Echoing that sentiment was Philippe Gelis, CEO of fintech Kantox, who wrote, “Inside banks, there is also no single decision maker. You need to convince multiple stakeholders that the partnership makes sense, that it will create significant extra value for both parties, and that the risk of cannibalization is low. Once that’s done, you then need to convince their compliance department, IT team and legal.”
What does this all add up to? According to Dr. Louise Beaumont from Publicis.Sapient:
“For banks, partnerships won’t generate the quantum leap they need to move beyond a decades-old, product-centric mentality to deliver next-generation financial services that consumers deserve. At best, they may gain a workable solution that squats awkwardly in the existing infrastructure and brand. At worst, banks will fail to deliver any noticeable difference to customers beyond a flurry of press releases.”
Industry Participants Will Be Connected, But Not in the Form of Partnerships
This isn’t to say that banking industry participants (e.g., institutions, fintechs, and vendors) won’t be highly interconnected–they will be. But one-to-one partnerships won’t be the predominant form of connection. The most prevalent ways to connect will be:
- Platforms. Amazon is a platform. There are over five million marketplace sellers across all Amazon marketplaces (more than one million new to Amazon in 2019 alone). They’re hardly “partners” with Amazon. According to a Forbes article titled Digital Platforms Are Eating Banking, there five types of digital platforms taking over the banking world: 1) Megabank API toolkits; 2) Marketplace platforms; 3) Analytics platforms; 4) Business banking platforms; and 5) Core integration platforms.
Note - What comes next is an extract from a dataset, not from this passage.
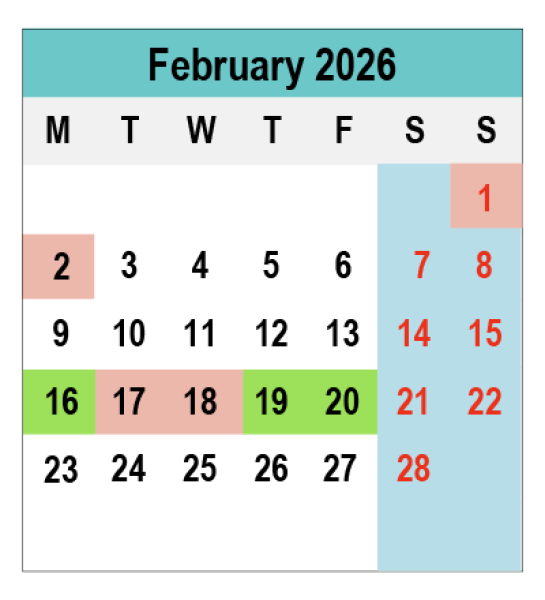 2026 Calendar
Platforms provide a plug-and-play capability that enables participants to interact, transact, and integrate without partnership or one-to-one contractual arrangements.
- Open banking. Consulting firm EY defined open banking as: "Online banking and financial services enabled through consumers' ability to offer third-party providers access to their personal bank account data and payment initiation." This type of connection enables the sharing of data between parties without a contractual agreement (i.e., partnership) or transactional capability (like a platform provides).
- [Banking]-as-a-service. The term BaaS is often used interchangeably with open banking, but I’m using the term here to describe what fintechs like Harvest (wealth management-as-a-service) or StreetShares (lending-as-a-service) provide to banks. These arrangements are somewhere between a partnership and a traditional vendor relationship. The BaaS fintech provides a “service” to the financial institution–in these examples by offering a product or service to the market–but with non-traditional service level agreements and support requirements.
- Alliances and consortia. Partnering with each other may be a better starting path to partnering with fintechs. Examples include Alloy Labs Alliance, a shared innovation lab and accelerator, and CU Ledger, a credit union service organization focused on distributed ledger technology.
The End of a Meme
There’s a predictable pattern to management fads and memes. They gain in popularity over a two-year period, go quiet for about a year, then in year four the failure stories come out and the meme dies out (see reengineering, knowledge management, dot coms, big data, etc.).
The “Bank/fintech partnerships are crucial to the future of banking” meme is in year three.
Granted, there are banks that have entered into successful partnerships with fintechs–Radius Bank in Boston and nbkc bank in Kansas City come to mind. They’ve made strategic commitments to making fintech partnering a competency of their organization. They’re the exception, however.
In Advice to Fintech Firms: How to Partner with Banks, Graham Seel writes, “Without shared vision, values, and goals, there can be no partnership.”
Spot on. I would add “shared risk” to that list of partnership criteria.
Using this list of criteria, many bank/fintech “partnerships” fail the test.